Masculinity as God designed it is under attack.  Whether in it is in phrases like “Fight the Patriarchy” or “Toxic Masculinity” make no mistake that manhood as God designed it is under siege in America.

The question is will we as men tolerate this attack? How long will we sit idly by and watch our son’s natural masculinity be denigrated by our schools, the media, politicians and even church leaders?

This should be a call to action for men in America.  If care about manhood as it has been defined since the dawn of civilization and most importantly how the Bible defines then you must act in defense of it.

What if my daughter were on this list?

My daughter attends a public high school and could very well be ranked and talked about by boys or even put on ranking list like this.  And it would not bother me one bit.  Not even a little.

Why? Because I have taught my daughter from her pre-teens about the differences between male and female sexuality.  And she has been raised with 4 brothers, two older than her and two younger than her. She fully accepts her part in God’s creation and the way that God has designed men.
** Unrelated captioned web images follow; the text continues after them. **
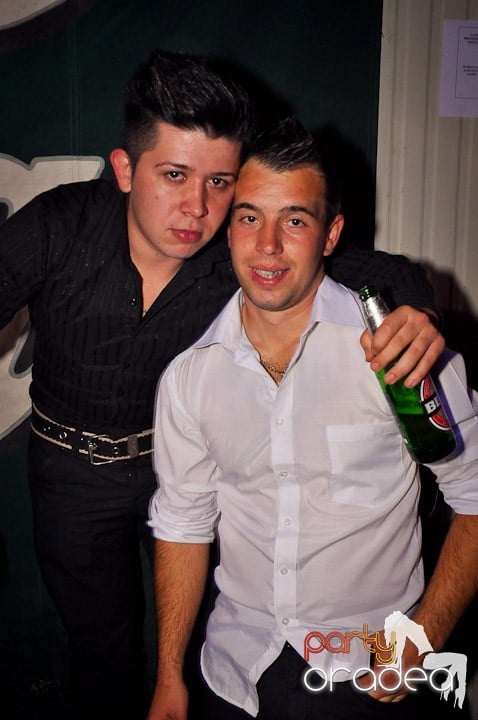 Distracţie la maxim în Disco Faház, 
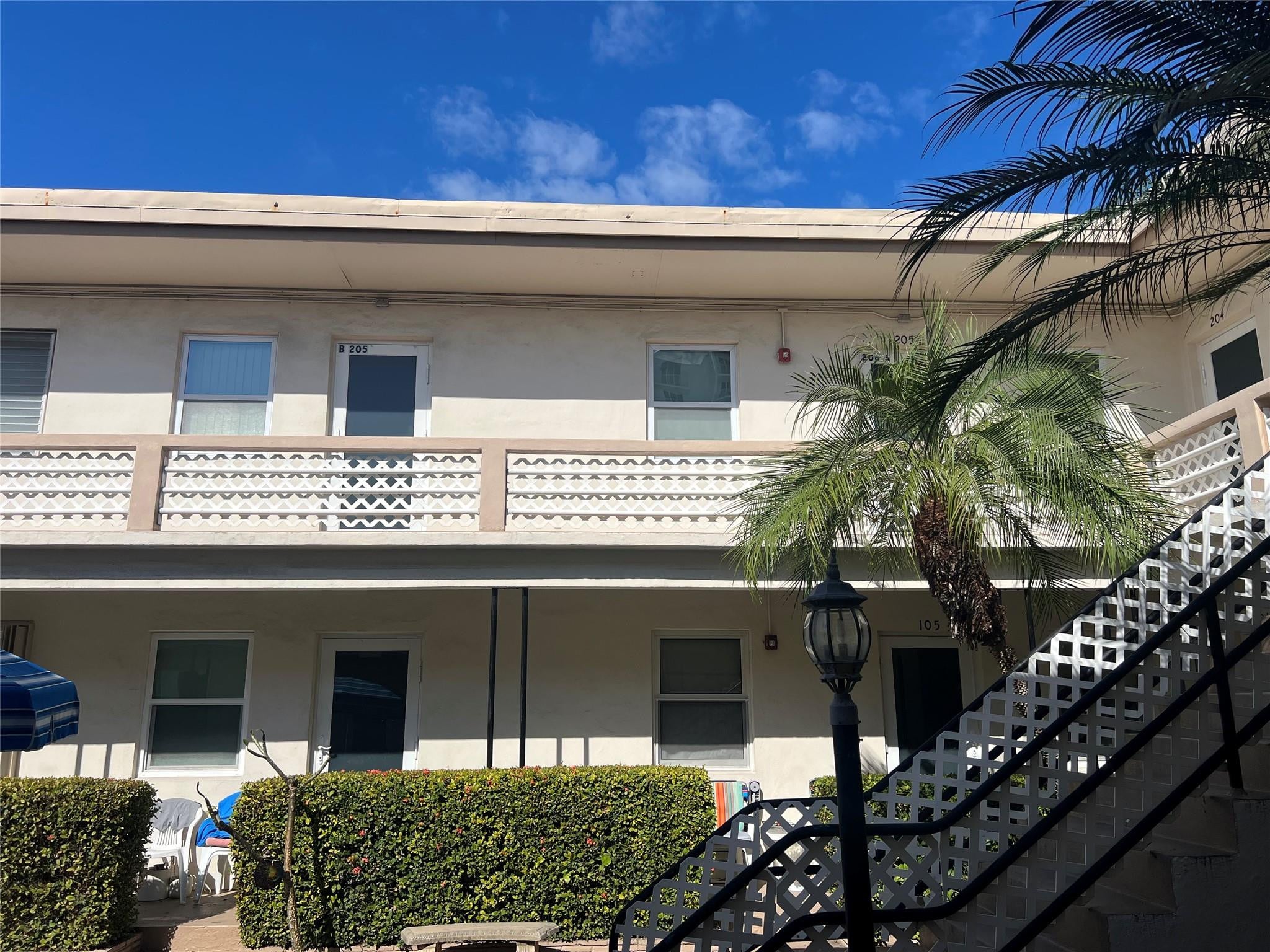 1BR – Condominium at 1315 N Ocean Drive #205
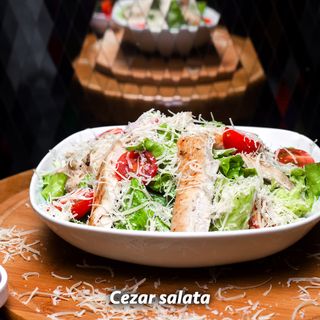 Caesar salata 390gr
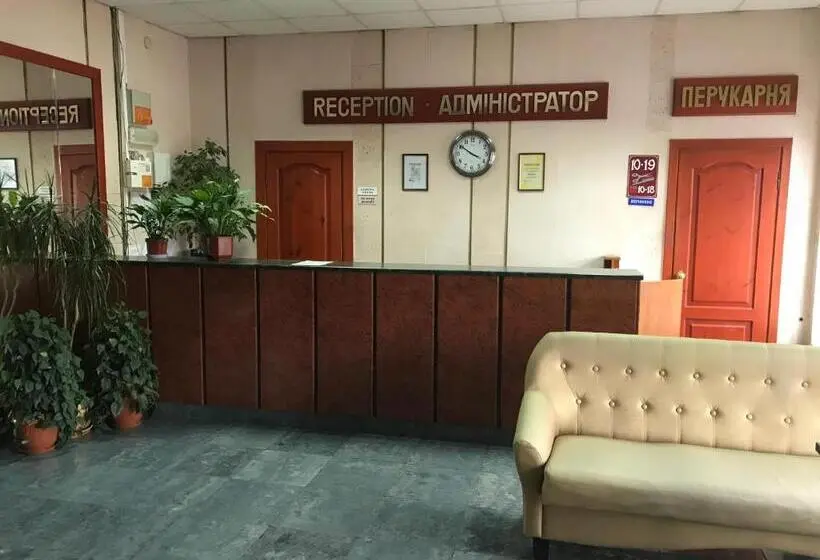 اتاق استاندارد یک نفره, Zhovtnevyi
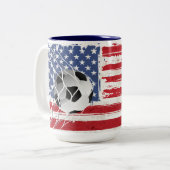 Voetbal op de vlag van de VS Tweekleurige Koffiemok (Voorkant links)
Now if boys were coming by her locker and harassing her with the list and putting it in her face telling her where she ranked that would be a different story.  That would be actual and real harassment, as opposed to the imagined harassment of these girls at Bethesda-Chevy Chase High School.
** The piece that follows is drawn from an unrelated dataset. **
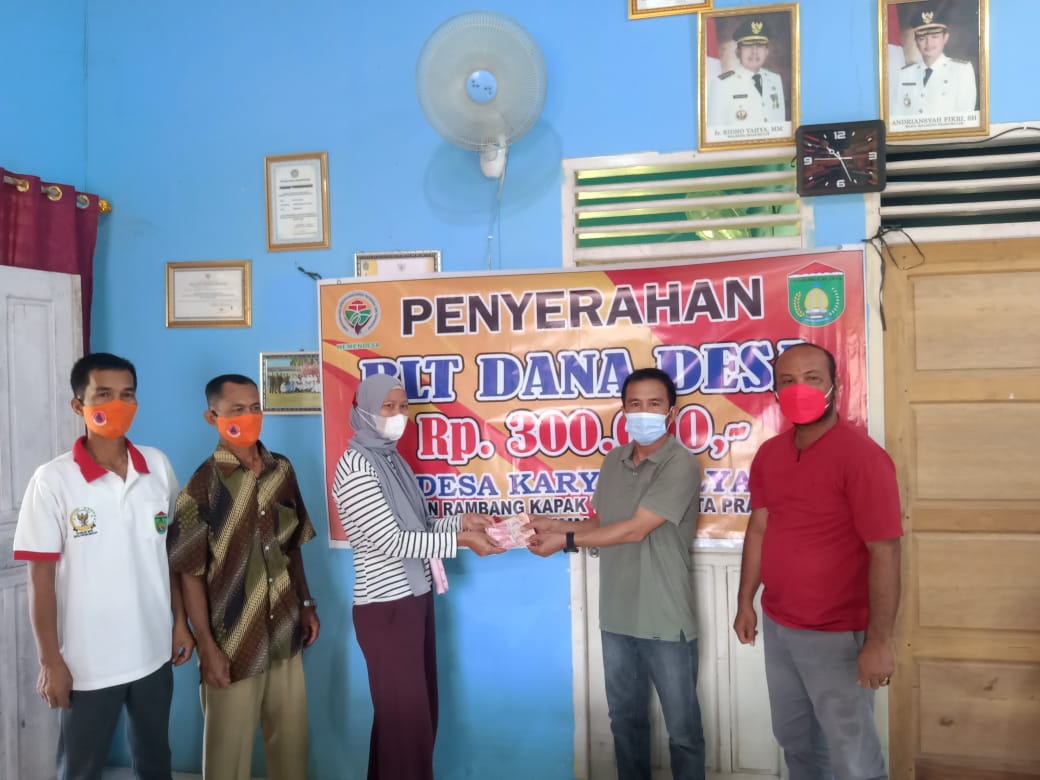 Penyerahan BLT Dana Desa - (Ada 0 foto)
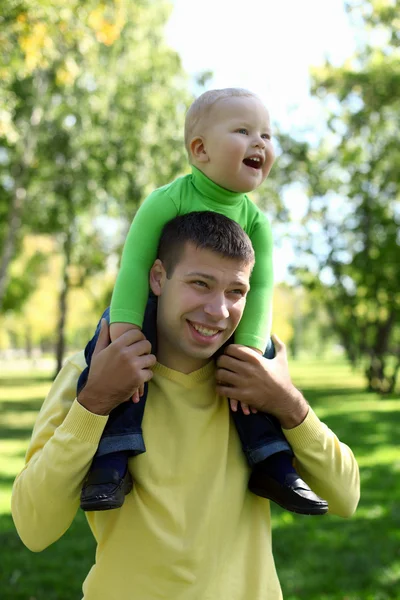 Батько з маленьким сином у парку — стокове фото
Just think about this for a second.  These girls said they were being violated by these boys who were privately expressing their own thoughts to one another about their views of the bodies of these girls in their school?

What if my son was one of the boys who made the list?

If my son were one that made the list and if he was not involved in using it to harass or shame girls at his school I would have absolutely NO problem with this whatsoever from an ethical or moral perspective.

I would go down to the school and ask to participate in the discussions that were being had with the students about this.  I would ask the girls to be honest and tell us if they had every talked about boys they liked privately.  Just because their criteria or the way they made their lists was different does not matter.

I would love to use that opportunity to educate young women as to how men’s brains actually operate and that it is natural and normal and no it does make them unsafe from all these boys that naturally sexually objectify them.

But at the same time there is a small percentage of men that will act sinfully when it comes to their sexual desires and they may sexually assault young women. And this is why a young woman should never ever be alone with man that is not her blood male relative until she is married to him.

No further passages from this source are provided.